Outstanding Nominal Amount

Issuer Call Date

Offer Spread

Purchase Yield

Expected
Acceptance Amount

Macquarie Group Limited

XS1784246701 / 178424670

€500,000,000

5 March 2024

115 bps

Yield to the Issuer Call Date equal to the sum of the Interpolated Mid-Swap Rate and the Offer Spread

€115,573,000

 

Pricing of the Offer will take place at or around 12.00 noon (CET) today, 3 April 2019 (the "Pricing Time"). As soon as reasonably practicable after the Pricing Time, the Company will announce its final decision as to whether it will accept any Instruments for purchase pursuant to the Offer and, if so, also state (i) the aggregate nominal amount of the Instruments accepted for purchase, (ii) the Interpolated Mid-Swap Rate, the Purchase Yield and any Scaling Factor, (iii) the Purchase Price, and (iv) the amount of any Accrued Interest. The Settlement Date is expected to be 5 April 2019.

General

The terms and conditions of the Offer are set forth in the Tender Offer Memorandum.  The Offer was subject to certain offer and distribution restrictions as more fully described in the Tender Offer Memorandum. Capitalised terms used in this announcement but not otherwise defined have the meanings given to them in the Tender Offer Memorandum.
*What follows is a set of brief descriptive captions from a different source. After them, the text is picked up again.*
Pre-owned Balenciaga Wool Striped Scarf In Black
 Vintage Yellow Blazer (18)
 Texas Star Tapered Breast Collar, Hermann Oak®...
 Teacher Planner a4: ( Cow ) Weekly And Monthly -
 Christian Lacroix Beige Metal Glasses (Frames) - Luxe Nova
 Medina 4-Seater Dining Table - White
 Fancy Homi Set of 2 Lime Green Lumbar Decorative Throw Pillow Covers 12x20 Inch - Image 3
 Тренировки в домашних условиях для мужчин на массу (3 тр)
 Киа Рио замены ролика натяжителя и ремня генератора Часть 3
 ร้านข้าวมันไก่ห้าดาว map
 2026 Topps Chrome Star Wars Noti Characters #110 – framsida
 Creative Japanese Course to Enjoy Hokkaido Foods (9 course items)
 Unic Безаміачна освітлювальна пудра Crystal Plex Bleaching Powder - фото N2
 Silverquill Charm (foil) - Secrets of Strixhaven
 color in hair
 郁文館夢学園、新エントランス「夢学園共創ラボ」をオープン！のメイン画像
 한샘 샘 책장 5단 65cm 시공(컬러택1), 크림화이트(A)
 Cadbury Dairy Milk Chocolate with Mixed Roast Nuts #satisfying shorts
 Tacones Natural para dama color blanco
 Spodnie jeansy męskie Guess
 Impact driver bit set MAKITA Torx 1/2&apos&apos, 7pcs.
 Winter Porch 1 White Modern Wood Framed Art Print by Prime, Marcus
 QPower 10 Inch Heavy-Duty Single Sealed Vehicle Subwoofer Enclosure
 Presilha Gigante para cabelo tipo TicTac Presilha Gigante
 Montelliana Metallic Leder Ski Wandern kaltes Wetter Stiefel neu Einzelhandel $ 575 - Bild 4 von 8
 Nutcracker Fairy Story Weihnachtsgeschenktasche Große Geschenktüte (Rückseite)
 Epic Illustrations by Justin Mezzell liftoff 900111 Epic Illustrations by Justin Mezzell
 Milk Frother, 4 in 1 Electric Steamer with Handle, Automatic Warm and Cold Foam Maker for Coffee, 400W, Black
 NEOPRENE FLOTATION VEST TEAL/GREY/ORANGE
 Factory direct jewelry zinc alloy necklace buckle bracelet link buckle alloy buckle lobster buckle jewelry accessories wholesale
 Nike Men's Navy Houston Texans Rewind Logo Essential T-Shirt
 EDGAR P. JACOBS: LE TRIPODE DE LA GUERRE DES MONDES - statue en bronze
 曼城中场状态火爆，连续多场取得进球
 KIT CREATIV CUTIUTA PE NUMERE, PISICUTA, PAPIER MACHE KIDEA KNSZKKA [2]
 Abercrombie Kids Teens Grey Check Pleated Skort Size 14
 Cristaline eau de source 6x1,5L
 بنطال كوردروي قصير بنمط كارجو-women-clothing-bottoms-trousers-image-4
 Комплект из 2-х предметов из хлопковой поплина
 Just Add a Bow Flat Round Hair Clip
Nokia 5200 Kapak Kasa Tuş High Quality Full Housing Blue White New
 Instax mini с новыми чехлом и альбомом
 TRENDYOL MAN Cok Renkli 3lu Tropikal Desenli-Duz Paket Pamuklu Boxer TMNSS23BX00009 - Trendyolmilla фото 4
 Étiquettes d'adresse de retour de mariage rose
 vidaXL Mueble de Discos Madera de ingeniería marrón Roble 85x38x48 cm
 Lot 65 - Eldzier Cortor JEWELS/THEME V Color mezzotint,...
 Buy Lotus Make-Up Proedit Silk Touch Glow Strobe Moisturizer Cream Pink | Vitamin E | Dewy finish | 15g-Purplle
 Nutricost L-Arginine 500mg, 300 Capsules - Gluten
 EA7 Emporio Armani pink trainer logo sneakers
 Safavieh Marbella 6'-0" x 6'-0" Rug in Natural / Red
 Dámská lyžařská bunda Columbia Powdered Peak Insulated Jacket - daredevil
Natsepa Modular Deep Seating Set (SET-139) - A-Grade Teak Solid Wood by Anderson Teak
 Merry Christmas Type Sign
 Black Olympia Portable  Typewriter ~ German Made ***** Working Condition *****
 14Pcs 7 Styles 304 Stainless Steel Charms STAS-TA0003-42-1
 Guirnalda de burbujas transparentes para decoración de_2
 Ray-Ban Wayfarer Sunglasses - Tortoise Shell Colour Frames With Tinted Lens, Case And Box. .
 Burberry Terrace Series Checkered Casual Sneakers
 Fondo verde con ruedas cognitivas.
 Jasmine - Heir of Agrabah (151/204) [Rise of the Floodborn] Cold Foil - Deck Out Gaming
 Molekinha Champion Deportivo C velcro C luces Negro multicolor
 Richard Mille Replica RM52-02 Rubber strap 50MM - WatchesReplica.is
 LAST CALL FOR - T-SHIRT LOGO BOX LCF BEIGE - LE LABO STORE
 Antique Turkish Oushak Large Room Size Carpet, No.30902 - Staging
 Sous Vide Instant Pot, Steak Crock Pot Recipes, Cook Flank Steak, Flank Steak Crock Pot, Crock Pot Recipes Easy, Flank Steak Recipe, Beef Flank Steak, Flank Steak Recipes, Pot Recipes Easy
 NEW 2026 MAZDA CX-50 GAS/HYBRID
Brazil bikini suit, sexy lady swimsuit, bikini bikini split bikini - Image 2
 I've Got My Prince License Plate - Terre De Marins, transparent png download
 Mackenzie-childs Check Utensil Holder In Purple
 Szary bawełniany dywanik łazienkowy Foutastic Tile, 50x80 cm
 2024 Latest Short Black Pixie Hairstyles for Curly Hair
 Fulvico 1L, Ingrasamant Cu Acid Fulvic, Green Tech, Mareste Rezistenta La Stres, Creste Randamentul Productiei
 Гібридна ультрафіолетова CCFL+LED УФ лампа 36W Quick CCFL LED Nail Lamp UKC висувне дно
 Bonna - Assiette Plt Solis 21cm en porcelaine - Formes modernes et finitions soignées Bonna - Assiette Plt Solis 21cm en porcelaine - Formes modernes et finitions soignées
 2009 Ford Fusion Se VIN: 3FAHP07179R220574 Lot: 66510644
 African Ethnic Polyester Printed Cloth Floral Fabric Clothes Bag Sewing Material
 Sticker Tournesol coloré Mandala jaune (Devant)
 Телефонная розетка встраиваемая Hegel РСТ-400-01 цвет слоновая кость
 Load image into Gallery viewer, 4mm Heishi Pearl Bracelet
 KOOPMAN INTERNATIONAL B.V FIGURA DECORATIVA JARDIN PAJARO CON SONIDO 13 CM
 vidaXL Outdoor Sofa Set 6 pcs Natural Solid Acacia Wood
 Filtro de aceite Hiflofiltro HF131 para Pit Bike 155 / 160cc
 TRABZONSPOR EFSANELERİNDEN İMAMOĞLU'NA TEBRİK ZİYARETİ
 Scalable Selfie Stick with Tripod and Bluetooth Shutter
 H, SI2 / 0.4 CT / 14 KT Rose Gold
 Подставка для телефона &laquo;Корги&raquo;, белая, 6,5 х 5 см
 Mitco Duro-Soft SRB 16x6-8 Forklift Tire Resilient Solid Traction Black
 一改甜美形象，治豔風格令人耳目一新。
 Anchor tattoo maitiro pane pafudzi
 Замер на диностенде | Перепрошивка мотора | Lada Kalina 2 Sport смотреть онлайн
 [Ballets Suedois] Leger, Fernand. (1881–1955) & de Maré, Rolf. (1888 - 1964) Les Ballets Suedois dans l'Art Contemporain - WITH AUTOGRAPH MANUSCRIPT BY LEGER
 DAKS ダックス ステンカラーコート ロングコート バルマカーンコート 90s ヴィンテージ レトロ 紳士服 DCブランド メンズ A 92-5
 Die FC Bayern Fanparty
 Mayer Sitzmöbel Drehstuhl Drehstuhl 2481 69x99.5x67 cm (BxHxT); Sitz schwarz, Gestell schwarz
The Hongkong and Shanghai Banking Corporation Limited, Sydney Branch (Tel: +44 20 7992 6237 / +852 2822 4100 / +61 2 9255 2203; Attention: Liability Management Group; Email: liability.management@hsbcib.com) and ING Bank N.V. (Tel: +31 20 5632132; Attention: Liability Management Team; Email: liability.management@ing.com) are acting as Joint Dealer Managers for the Offer and Lucid Issuer Services Limited (Tel: +44 20 7704 0880; Attention: Thomas Choquet; Email: macquarie@lucid-is.com) is acting as Tender Agent.

This announcement is released by Macquarie Group Limited and contains information that qualified or may have qualified as inside information for the purposes of Article 7 of the Market Abuse Regulation (EU) 596/2014 ("MAR"), encompassing information relating to the Offer described above. For the purposes of MAR and Article 2 of Commission Implementing Regulation (EU) 2016/1055, this announcement is made by Kathryn Burgess, Chief Financial Officer of EMEA at Macquarie Group Limited.

DISCLAIMER

 

This announcement must be read in conjunction with the Tender Offer Memorandum. No offer or invitation to acquire any securities is being made pursuant to this announcement. The distribution of this announcement and/or the Tender Offer Memorandum in certain jurisdictions may be restricted by law. Persons into whose possession this announcement and/or the Tender Offer Memorandum comes are required by the Company, the Joint Dealer Managers and the Tender Agent to inform themselves about, and to observe, any such restrictions.